+++ EXERCISE MATERIALS +++

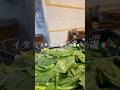 【イタリアで働く26歳】仕事風景、目線カメラ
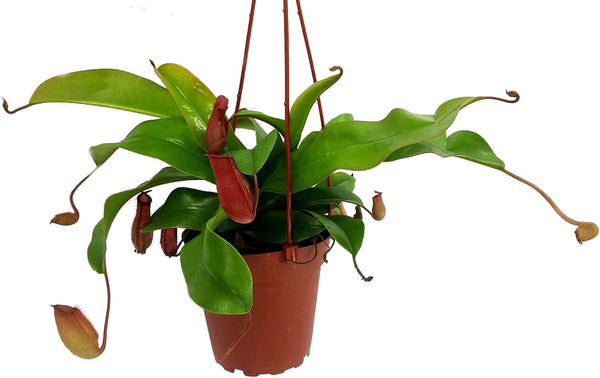 Asian Pitcher Plant - Nepenthes - Carnivorous - Exotic - 4" Hanging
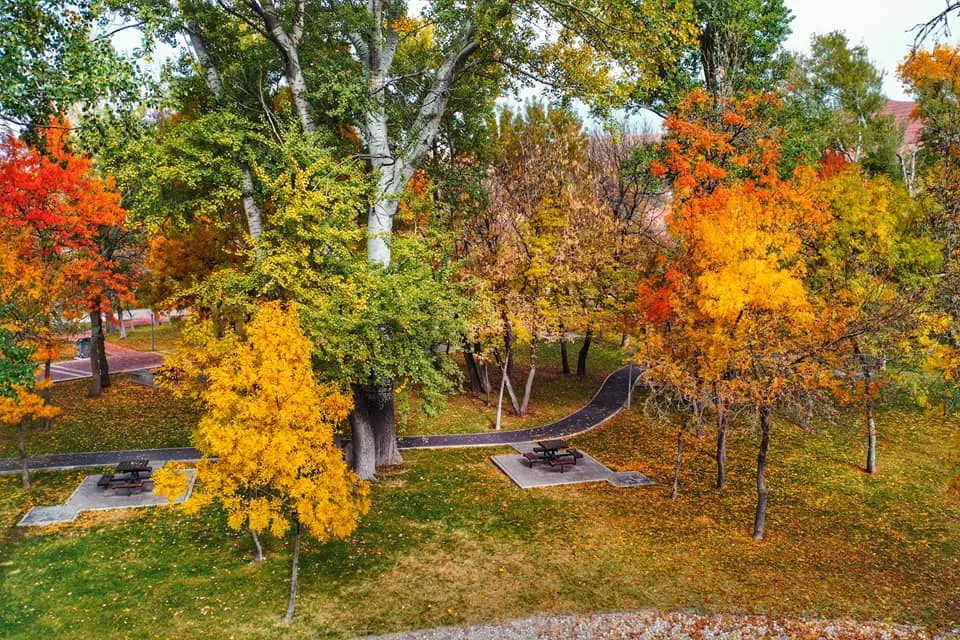 MİLLET BAHÇELERİ SONBAHAR RENKLERİYLE GÖRSEL ŞÖLEN SUNUYOR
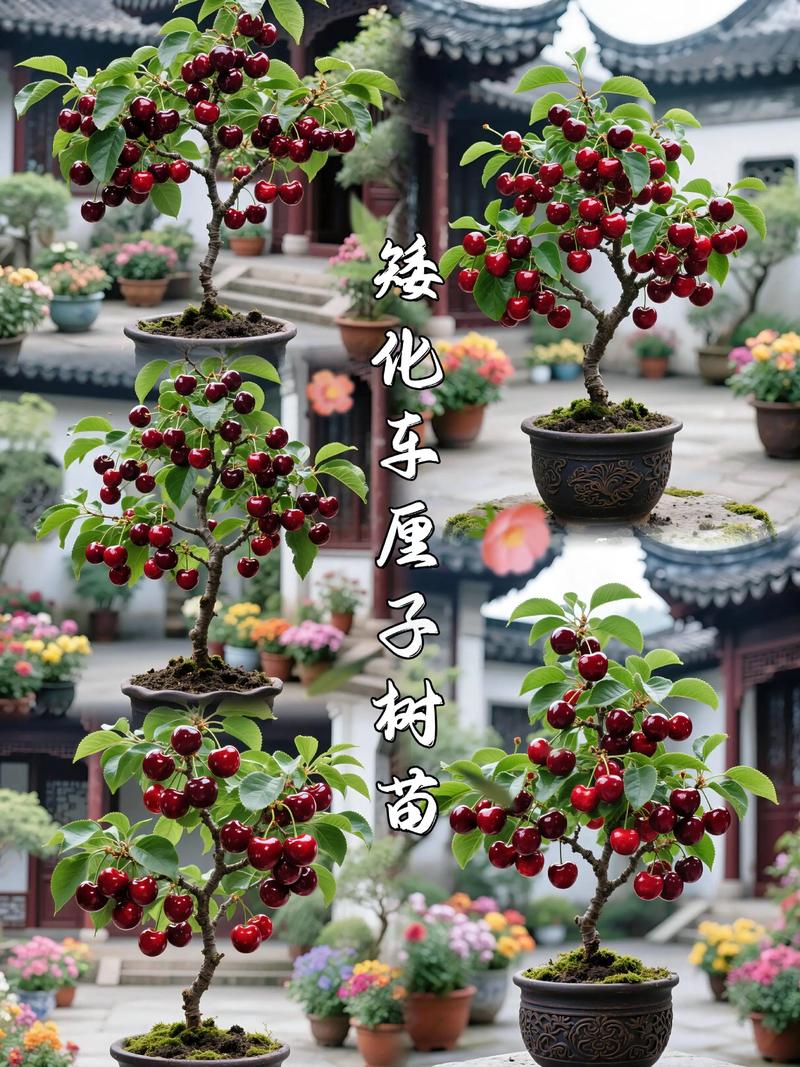 综合评估与采购验证流程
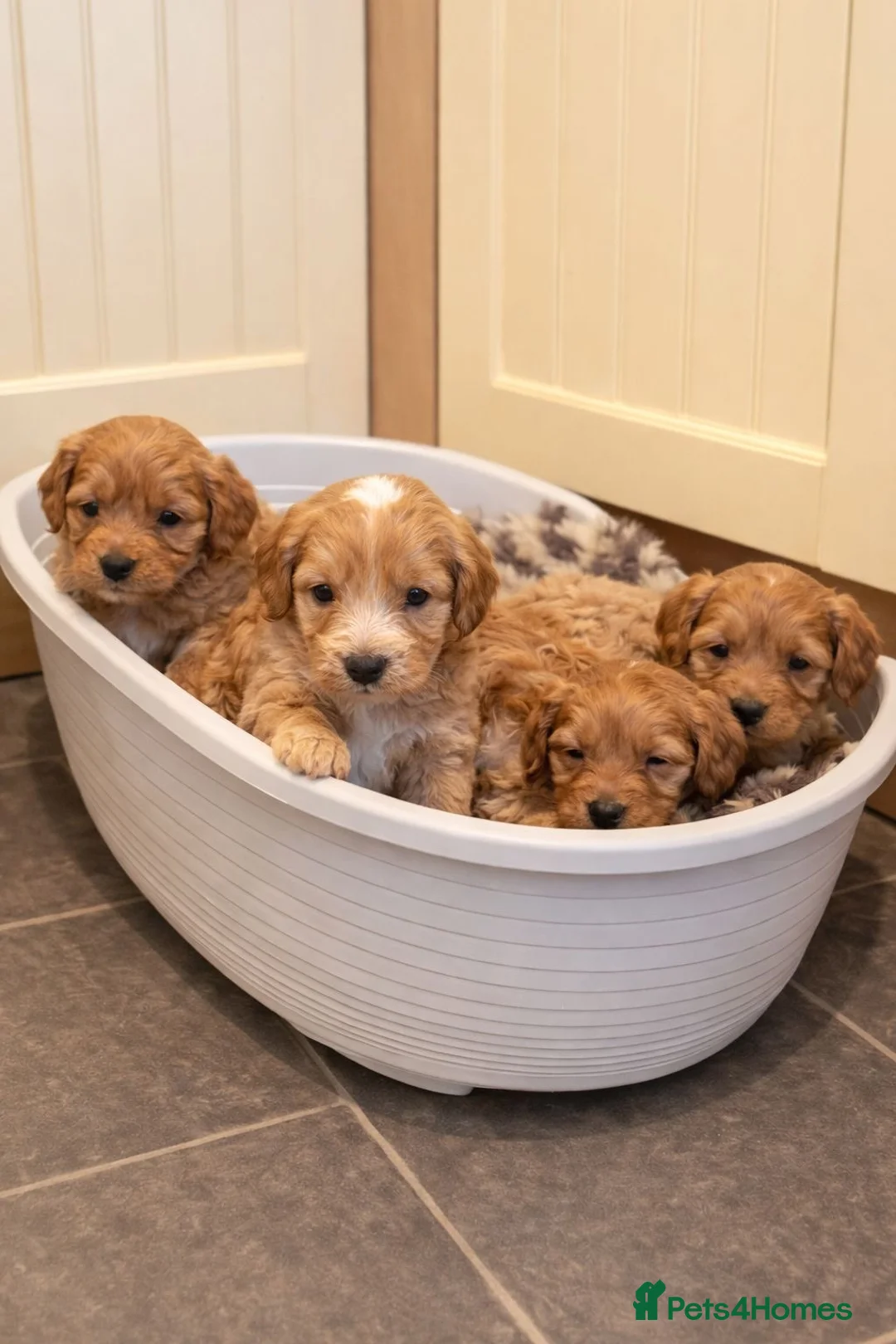 Cockapoo dogs for sale: Stunning Cockapoo Puppies  - Advert 1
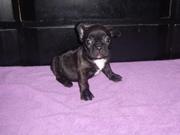 Sweet Heated French Bulldog Puppies Ready Foe Val Day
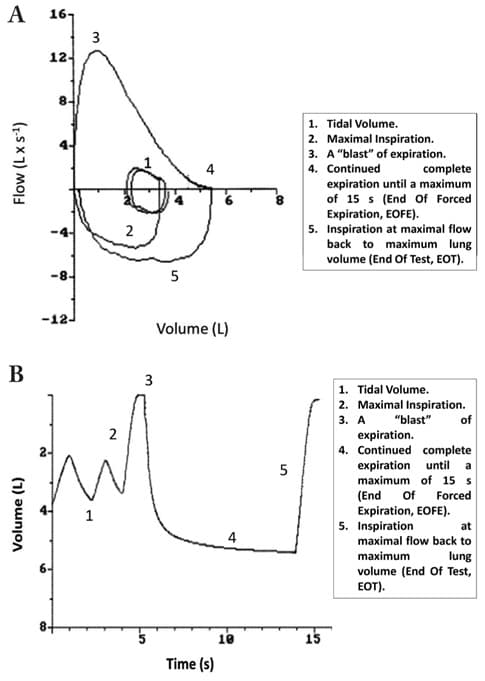 ERS/ATS Interpretation Standards Help Turn Lung-Function Numbers Into Clinical Decisions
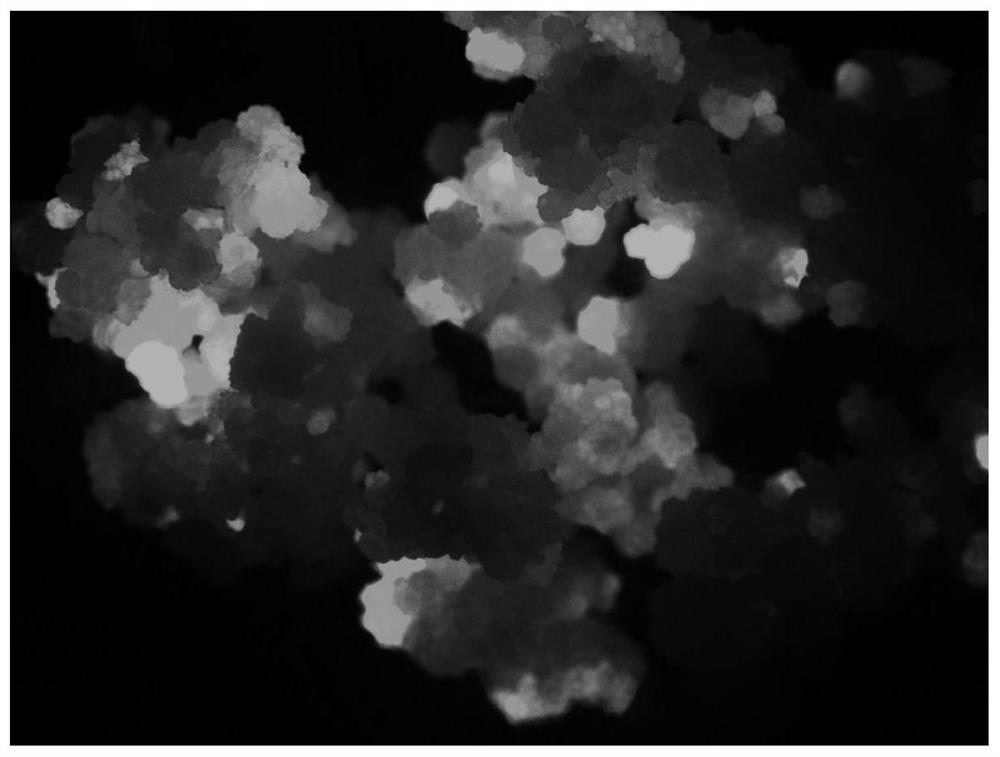 Obtaining embryogenic callus of millet for genetic transformation and method of genetic transformation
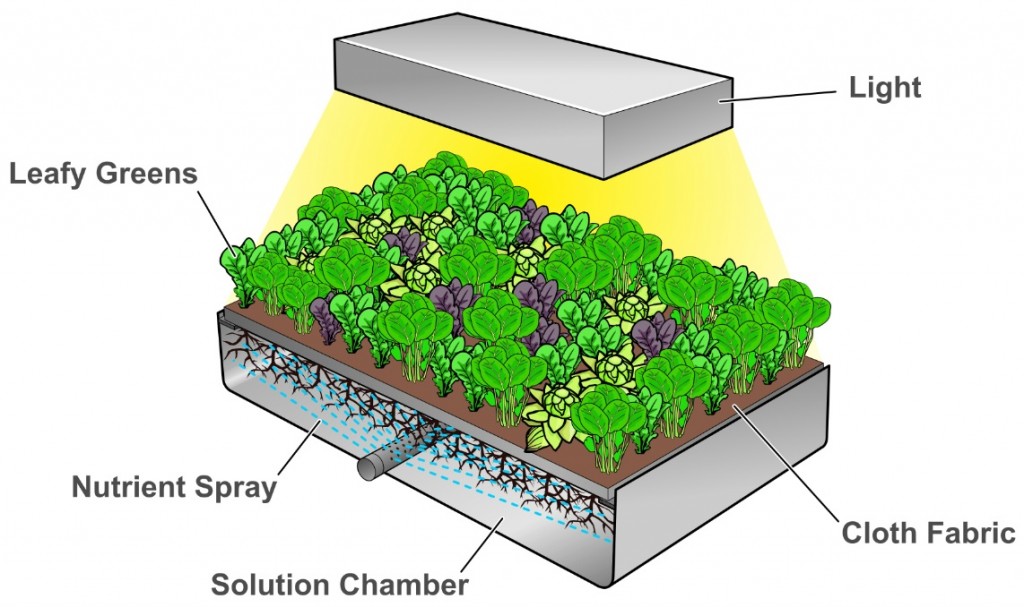 Vertical Farming Business Models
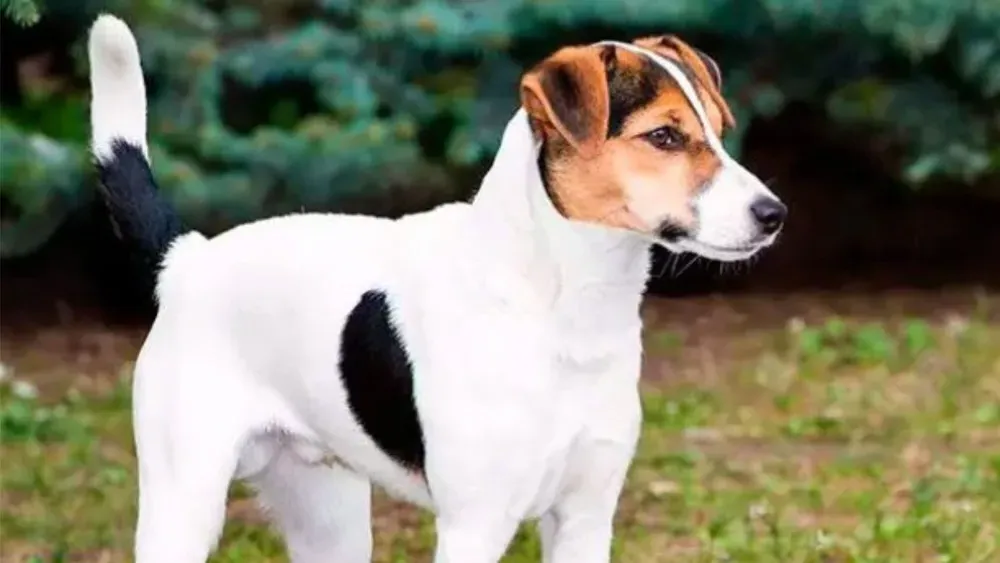 Feist-type dog sitting and watching attentively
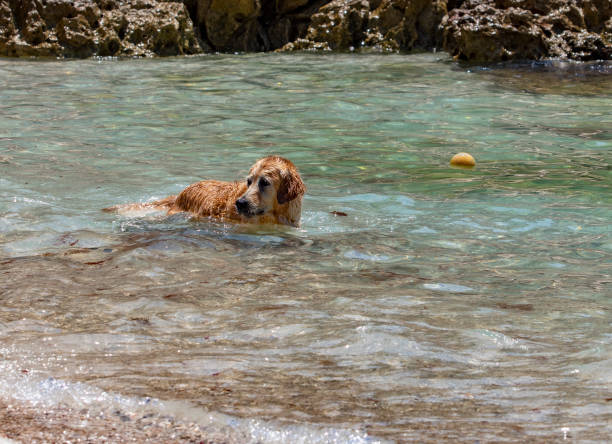 istock Cute Dog In The Sea 1018370040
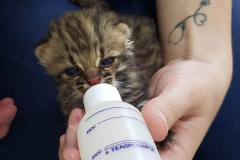 Governo do Paraná torna permanente o curso para voluntariado no cuidado de animais silvestres  - cURITIBA, 21/03/2022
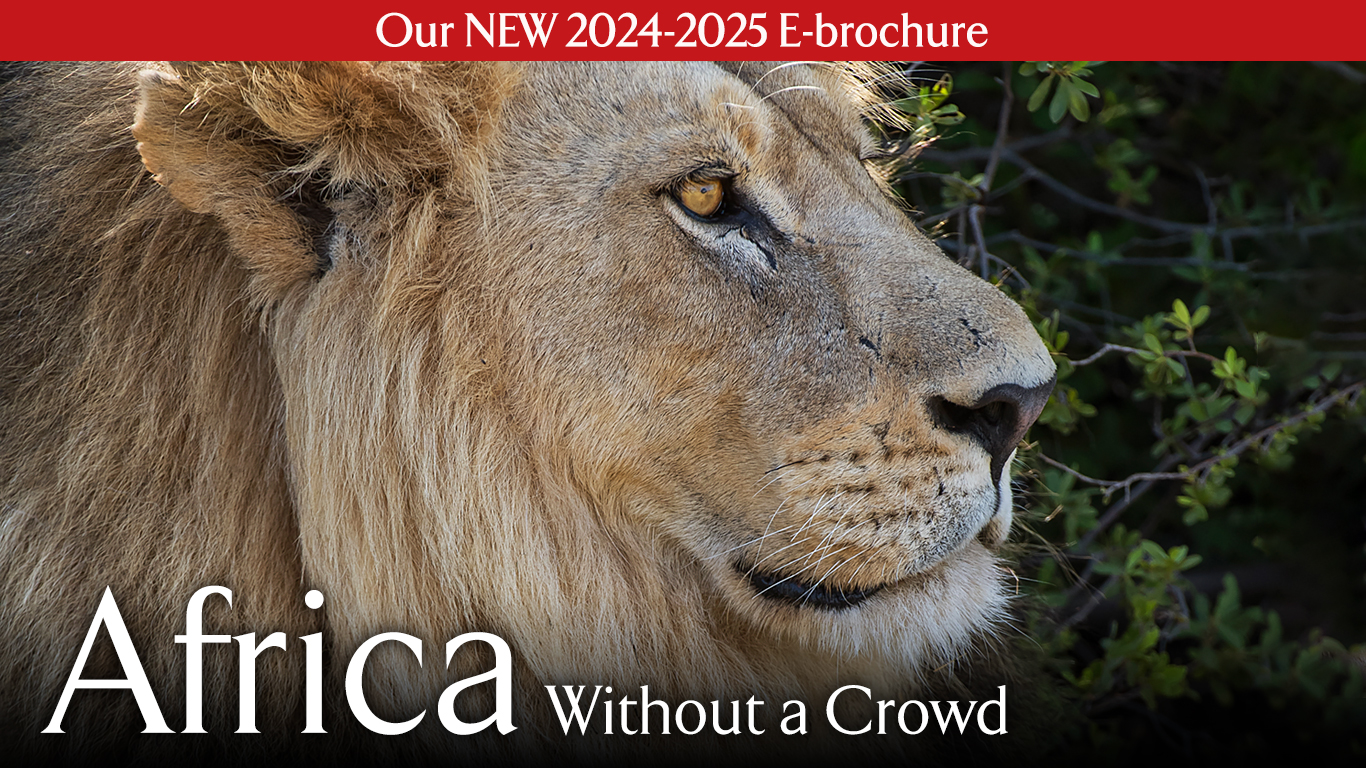 Over 20 African Safaris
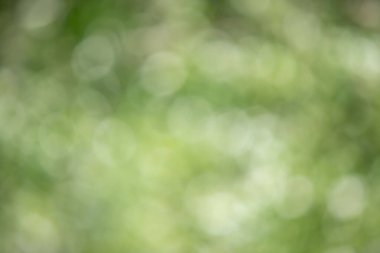 Görüntü bulanık yeşil bir zemin ve etrafa saçılmış birkaç küçük daire. Manzara sakin ve huzurlu, daireler havada süzülüyor gibi görünüyor.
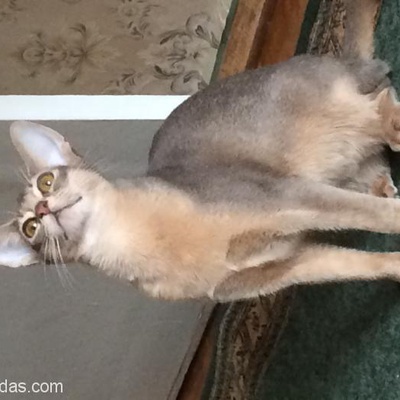 Dişi Abyssinian Kedim Çiftleşmek İstiyor Benimki Gibi Ful Irk Belgeleri Tam Olan Bir Kedi, Antalya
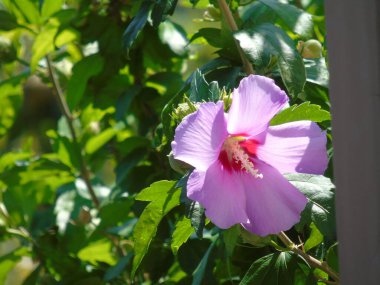 Cenova, İtalya - 04 / 05 / 2021: Doğanın güzel çiçekli bahar özeti. Çiçek açan kayısı makrosu dalları hafif açık mavi gökyüzü arka planına odaklanmış. 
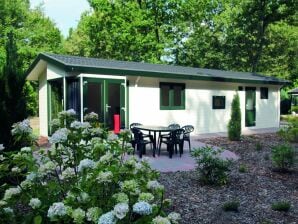 Holiday park Comfortable chalet with dishwasher, in a nature reserve - Hooghalen - image1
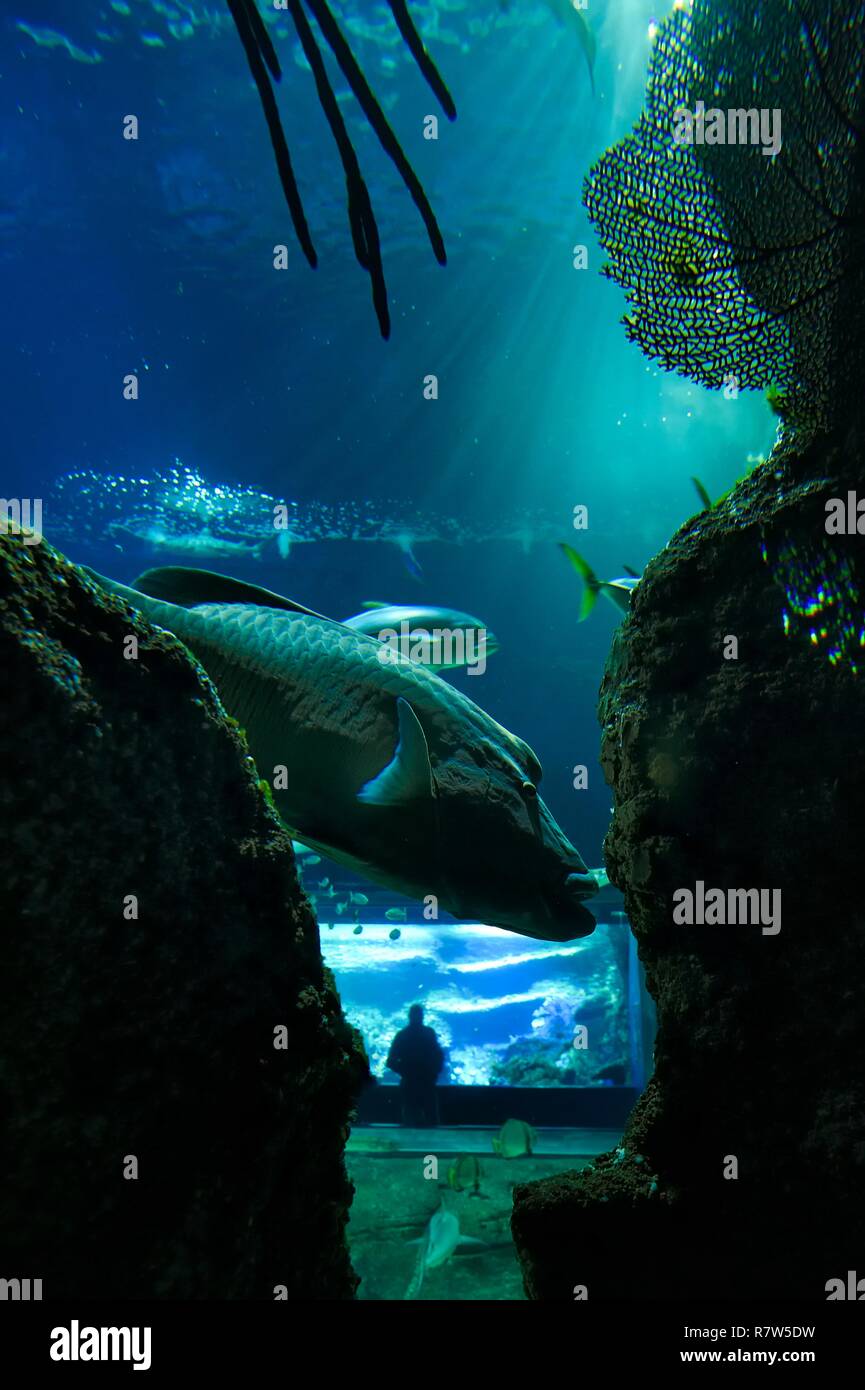 France, Pyrénées Atlantiques, Pays Basque, Biarritz, l'Aquarium - le Musée de la mer, des napoléons ou poisson Napoléon (Cheilinus undulatus) Banque D'Images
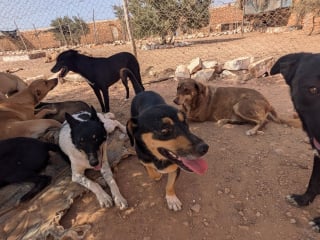 Illustration de l'article : « Eux aussi étaient des chiots avant », le message poignant d’un sauveteur face au manque d’intérêt pour les animaux adultes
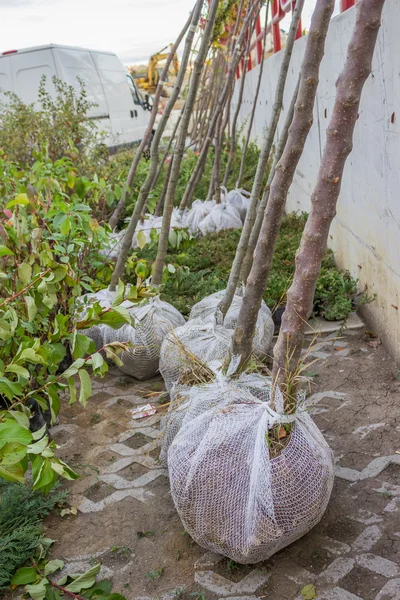 Piante di palline di radice pronte per l'impianto 2 — Foto Stock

+++

PROBLEM REQUIREMENTS:
Would it be possible to copy the material exactly, excluding the images?

EXPECTED ANSWER:
 【イタリアで働く26歳】仕事風景、目線カメラ
 Asian Pitcher Plant - Nepenthes - Carnivorous - Exotic - 4" Hanging
 MİLLET BAHÇELERİ SONBAHAR RENKLERİYLE GÖRSEL ŞÖLEN SUNUYOR
 综合评估与采购验证流程
 Cockapoo dogs for sale: Stunning Cockapoo Puppies  - Advert 1
 Sweet Heated French Bulldog Puppies Ready Foe Val Day
 ERS/ATS Interpretation Standards Help Turn Lung-Function Numbers Into Clinical Decisions
 Obtaining embryogenic callus of millet for genetic transformation and method of genetic transformation
 Vertical Farming Business Models
 Feist-type dog sitting and watching attentively
 istock Cute Dog In The Sea 1018370040
 Governo do Paraná torna permanente o curso para voluntariado no cuidado de animais silvestres  - cURITIBA, 21/03/2022
 Over 20 African Safaris
 Görüntü bulanık yeşil bir zemin ve etrafa saçılmış birkaç küçük daire. Manzara sakin ve huzurlu, daireler havada süzülüyor gibi görünüyor.
 Dişi Abyssinian Kedim Çiftleşmek İstiyor Benimki Gibi Ful Irk Belgeleri Tam Olan Bir Kedi, Antalya
 Cenova, İtalya - 04 / 05 / 2021: Doğanın güzel çiçekli bahar özeti. Çiçek açan kayısı makrosu dalları hafif açık mavi gökyüzü arka planına odaklanmış. 
 Holiday park Comfortable chalet with dishwasher, in a nature reserve - Hooghalen - image1
 France, Pyrénées Atlantiques, Pays Basque, Biarritz, l'Aquarium - le Musée de la mer, des napoléons ou poisson Napoléon (Cheilinus undulatus) Banque D'Images
 Illustration de l'article : « Eux aussi étaient des chiots avant », le message poignant d’un sauveteur face au manque d’intérêt pour les animaux adultes
 Piante di palline di radice pronte per l'impianto 2 — Foto Stock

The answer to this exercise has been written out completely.